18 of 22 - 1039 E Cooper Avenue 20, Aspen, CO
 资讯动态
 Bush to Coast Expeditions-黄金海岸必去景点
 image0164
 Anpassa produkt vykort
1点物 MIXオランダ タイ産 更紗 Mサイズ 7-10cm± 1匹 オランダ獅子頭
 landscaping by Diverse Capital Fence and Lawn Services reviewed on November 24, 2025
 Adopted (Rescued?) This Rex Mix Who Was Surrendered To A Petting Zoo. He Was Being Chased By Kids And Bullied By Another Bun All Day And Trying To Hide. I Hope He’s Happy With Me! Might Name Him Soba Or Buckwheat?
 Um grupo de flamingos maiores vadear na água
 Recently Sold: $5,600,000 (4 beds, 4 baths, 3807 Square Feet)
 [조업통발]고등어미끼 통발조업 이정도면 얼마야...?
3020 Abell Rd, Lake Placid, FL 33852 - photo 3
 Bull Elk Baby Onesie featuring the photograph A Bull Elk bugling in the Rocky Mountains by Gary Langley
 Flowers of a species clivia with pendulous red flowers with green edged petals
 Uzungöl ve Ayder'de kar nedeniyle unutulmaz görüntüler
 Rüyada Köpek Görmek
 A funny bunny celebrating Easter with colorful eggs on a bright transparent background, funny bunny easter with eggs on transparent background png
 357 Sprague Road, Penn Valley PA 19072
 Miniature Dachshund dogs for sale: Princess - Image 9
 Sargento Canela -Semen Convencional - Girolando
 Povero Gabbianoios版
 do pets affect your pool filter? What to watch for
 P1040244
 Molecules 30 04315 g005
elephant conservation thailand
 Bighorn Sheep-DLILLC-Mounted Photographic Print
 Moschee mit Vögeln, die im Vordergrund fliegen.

(Task brief)
Write each line of the data above out again without altering a word.

(Answer for the task)
18 of 22 - 1039 E Cooper Avenue 20, Aspen, CO
 资讯动态
 Bush to Coast Expeditions-黄金海岸必去景点
 image0164
 Anpassa produkt vykort
1点物 MIXオランダ タイ産 更紗 Mサイズ 7-10cm± 1匹 オランダ獅子頭
 landscaping by Diverse Capital Fence and Lawn Services reviewed on November 24, 2025
 Adopted (Rescued?) This Rex Mix Who Was Surrendered To A Petting Zoo. He Was Being Chased By Kids And Bullied By Another Bun All Day And Trying To Hide. I Hope He’s Happy With Me! Might Name Him Soba Or Buckwheat?
 Um grupo de flamingos maiores vadear na água
 Recently Sold: $5,600,000 (4 beds, 4 baths, 3807 Square Feet)
 [조업통발]고등어미끼 통발조업 이정도면 얼마야...?
3020 Abell Rd, Lake Placid, FL 33852 - photo 3
 Bull Elk Baby Onesie featuring the photograph A Bull Elk bugling in the Rocky Mountains by Gary Langley
 Flowers of a species clivia with pendulous red flowers with green edged petals
 Uzungöl ve Ayder'de kar nedeniyle unutulmaz görüntüler
 Rüyada Köpek Görmek
 A funny bunny celebrating Easter with colorful eggs on a bright transparent background, funny bunny easter with eggs on transparent background png
 357 Sprague Road, Penn Valley PA 19072
 Miniature Dachshund dogs for sale: Princess - Image 9
 Sargento Canela -Semen Convencional - Girolando
 Povero Gabbianoios版
 do pets affect your pool filter? What to watch for
 P1040244
 Molecules 30 04315 g005
elephant conservation thailand
 Bighorn Sheep-DLILLC-Mounted Photographic Print
 Moschee mit Vögeln, die im Vordergrund fliegen.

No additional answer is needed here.